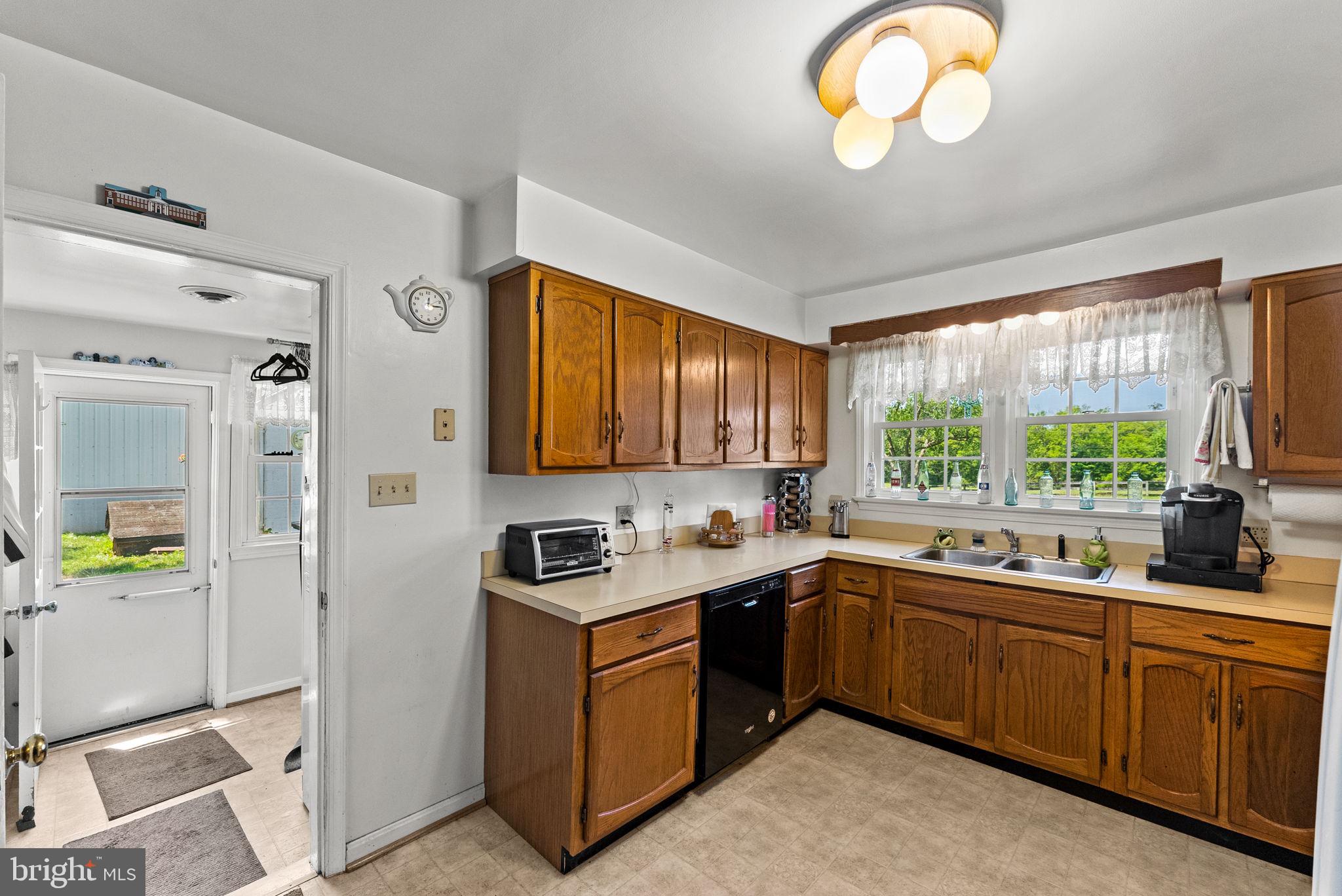 18030 Bel Pre Road Culpeper, VA 22701 - Photo 30 of 94 a kitchen with a sink window and cabinets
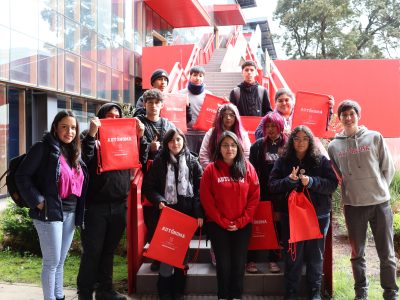 Universidad Autónoma de Chile recibe a estudiantes de Enseñanza Media en jornada de orientación vocacional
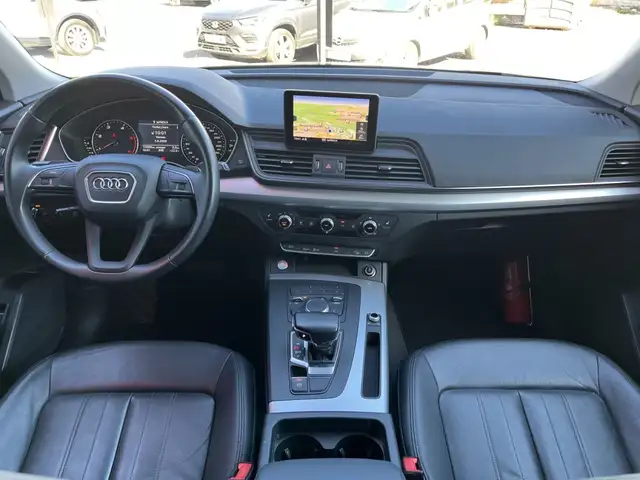 Audi Q5 view 15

* * * * * * *

• **DIRECTIONS FOR THIS TASK**
Write out exactly the lines beginning with the line that holds "Universidad Autónoma de" and ending with the final line of the data, both ends included, without the pictures.

• **EXPECTED ANSWER**
 Universidad Autónoma de Chile recibe a estudiantes de Enseñanza Media en jornada de orientación vocacional
 Audi Q5 view 15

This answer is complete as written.